Study maps hundreds of methane gas leaks under streets in L.A. region

Tony Barboza, Los Angeles Times, May 14, 2015

An environmental group has identified nearly 250 locations where planet-warming methane is leaking from natural gas lines under streets in the Greater Los Angeles region.

Environmental Defense Fund researchers outfitted a Google Street View mapping car with real-time air monitoring equipment that can detect elevated levels of methane, the main component of natural gas. Starting in August, they drove the vehicle over more than 1,000 miles of roadways in Chino, Inglewood and Pasadena.

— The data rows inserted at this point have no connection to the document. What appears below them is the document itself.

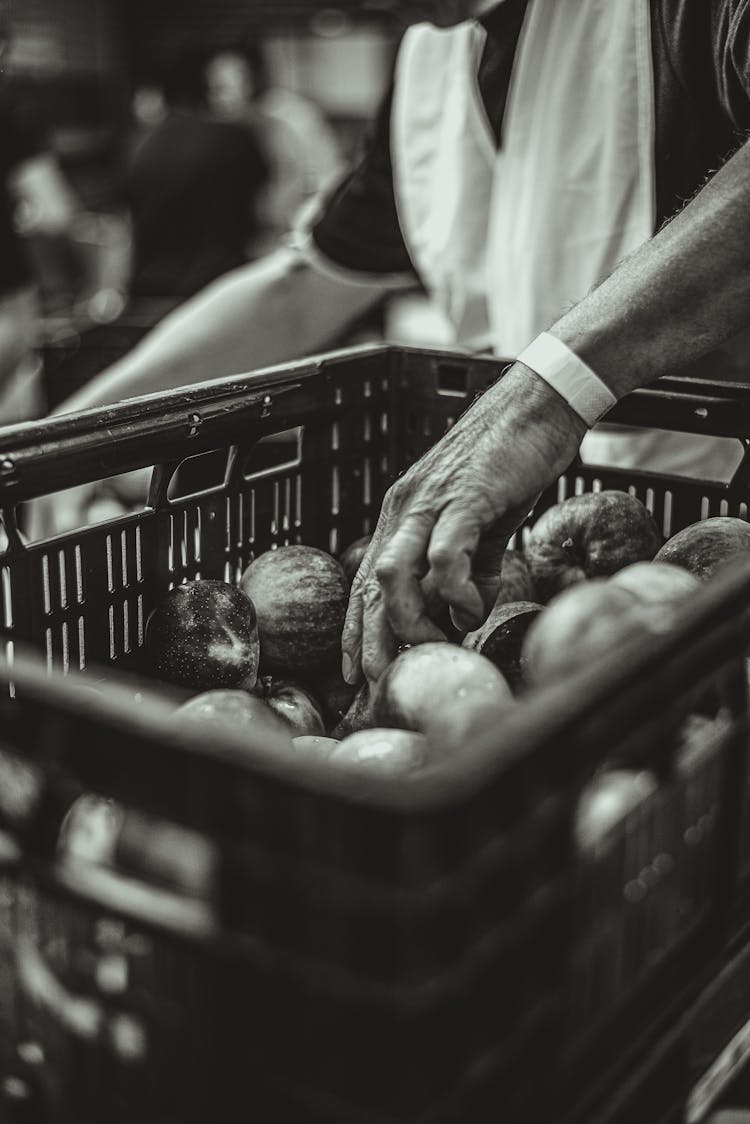 Person Grabbing Vegetable From Basket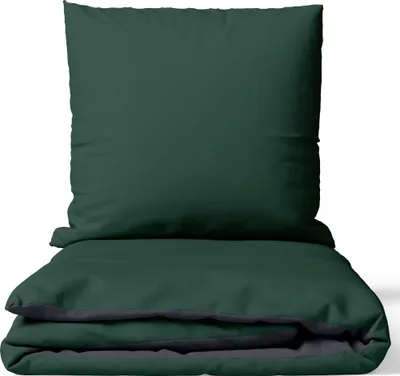 A folded duvet cover and a pillow are stacked on top of each other against a white background.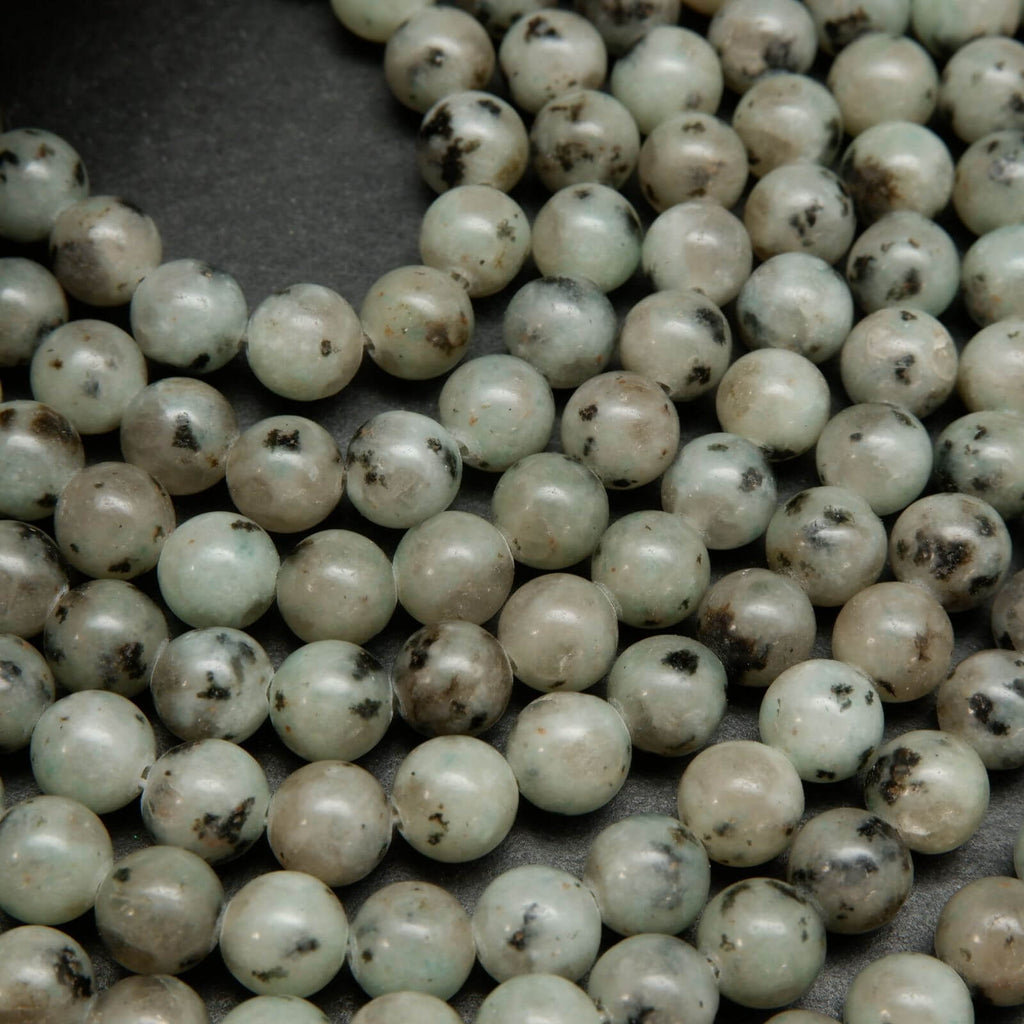 Minty green polished kiwi jasper beads.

After analyzing the data in collaboration with scientists from Colorado State University, the researchers plotted the leaks and their relative size on an interactive map and reported the results to Southern California Gas Co., which serves millions of customers in Central and Southern California.

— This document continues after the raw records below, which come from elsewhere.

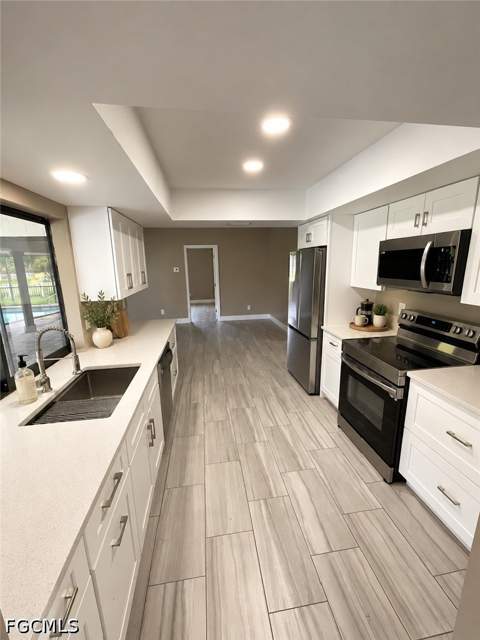 105 Jefferson Ave, Lehigh Acres FL - photo 9 of 35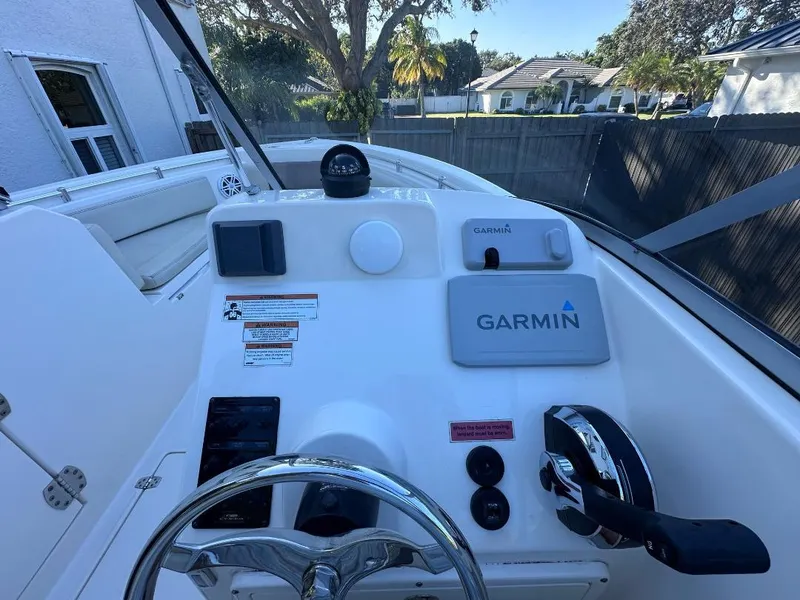 Slide: The Image of Cobia 220 DC 2022 boat dashboard with Garmin navigation system and steering wheel. - 14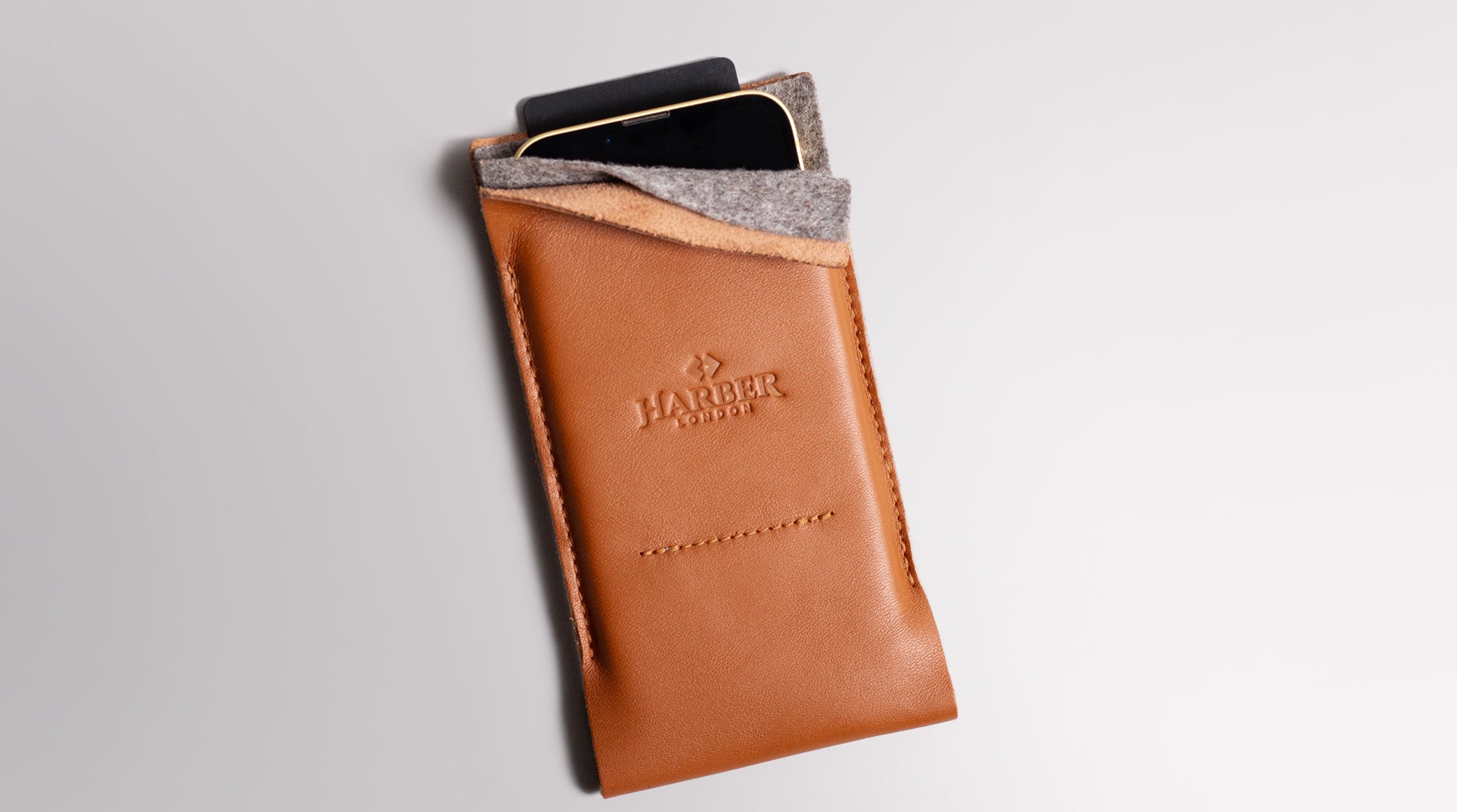 Leather sleeve for iPhone and cards.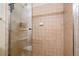 Tiled shower stall with glass doors and showerhead fixture in a bright bathroom at 504 Mirasol Cir # 102, Kissimmee, FL 34747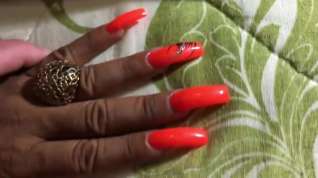 Online film Latina with sexy long orange nails fingernails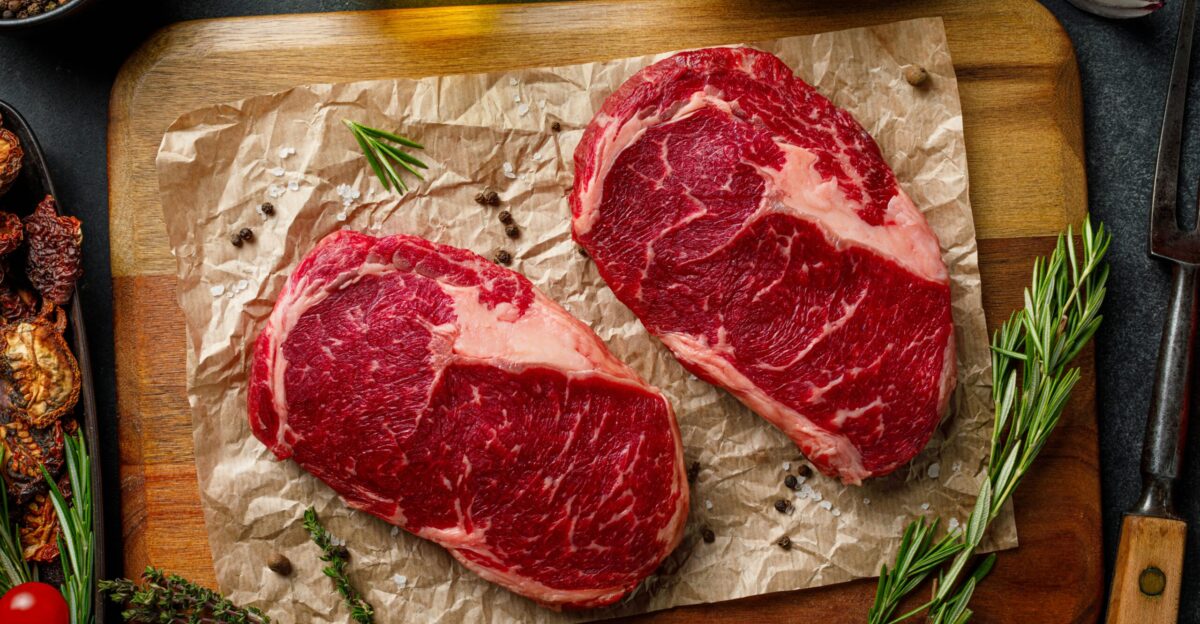 two steaks on a cutting board with herbs and spices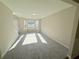 Bright living room with carpeted floor and lots of sunlight at 7097 Cavender Sw Dr, Atlanta, GA 30331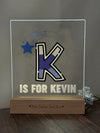 a glass block with the letter k is for kevin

"These leaks are all over the place: In our neighborhoods and under our cities," Tim O’Connor, who directs the Environmental Defense Fund's California Climate Initiative, said in releasing the map Thursday.

Methane is a potent greenhouse gas that traps heat in the atmosphere. Experts say that clamping down on methane leaks will be crucial to meeting Gov. Jerry Brown’s aggressive goal of slashing greenhouse gas emissions 40% below 1990 levels by the year 2030.

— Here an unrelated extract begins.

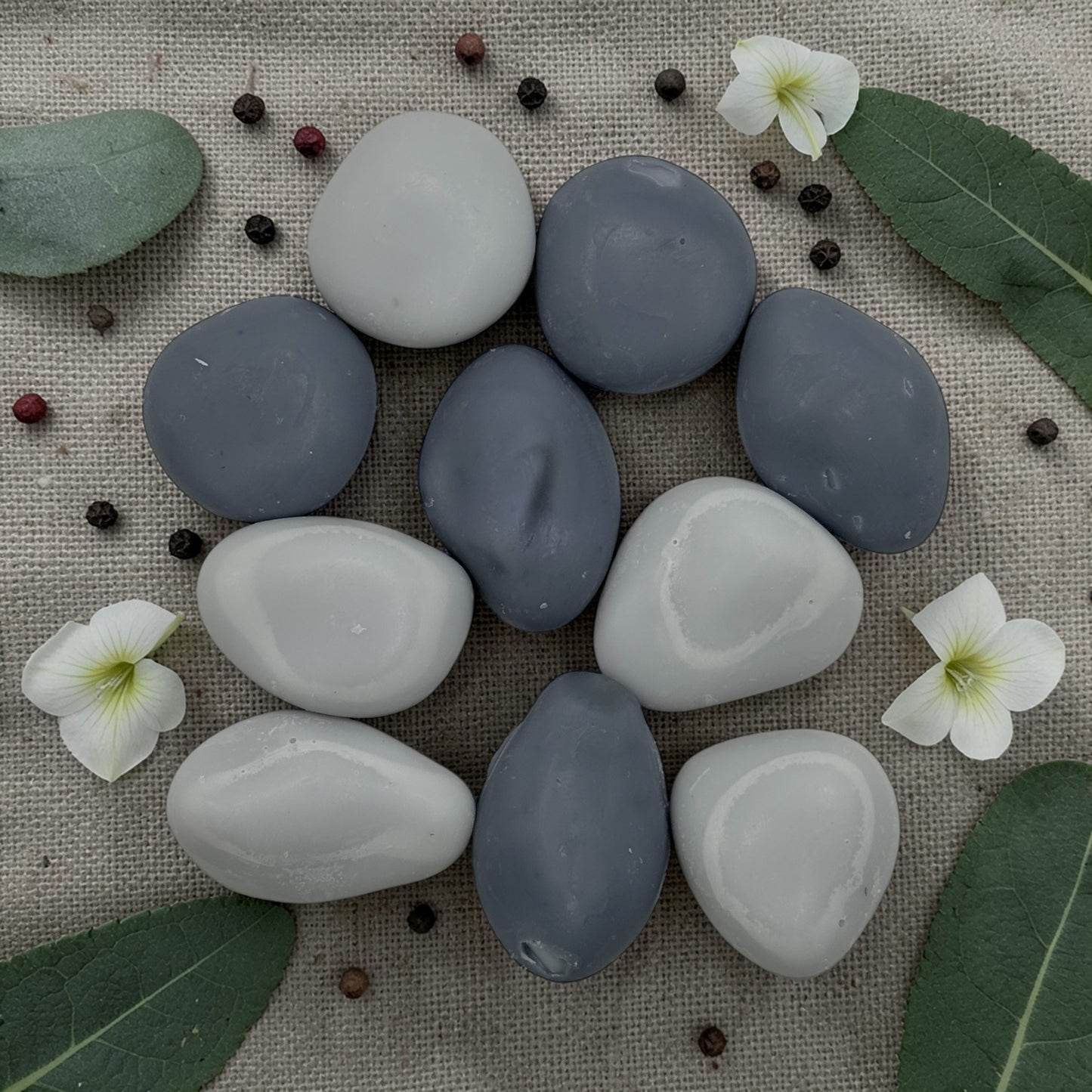 Sea & Stone wax tart from PNW Candle Co, showing a fragrant wax melt with ocean-inspired scent and natural appearance.
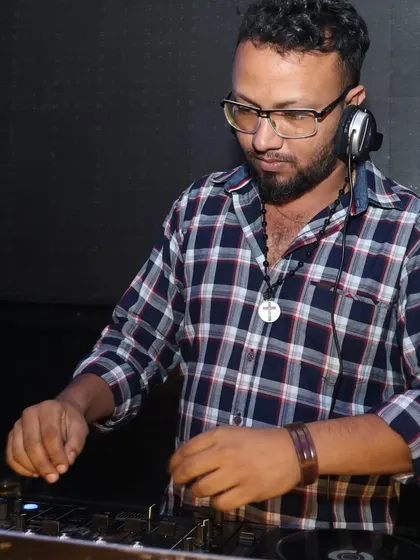 A clear shot of me working the controls, with a drink nearby. A DJ's work is a balance of focus and enjoying the party atmosphere.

The environmental group’s effort is the latest in a series of mapping projects in six U.S. cities, including Boston and Indianapolis. The Environmental Defense Fund plans to conduct additional methane mapping this summer in Orange.

Southern California Gas Co. on Thursday released its own interactive map of leaks the company has detected on its system but deemed to be non-hazardous. That map can be searched by ZIP Code and shows whether a pipeline leak is being monitored or is scheduled for repair.

Typically, leaks are considered non-hazardous if they are far from an ignition source and away from structures where gas could build up to dangerous concentrations.

Deanna Haines, director of gas engineering for the company, said utilities focus their efforts on repairing leaks that threaten public safety. But that is changing as the industry faces more scrutiny over its greenhouse gas emissions.

"This will help raise awareness that we need to get funding to go after these environmental-related emissions," Haines said.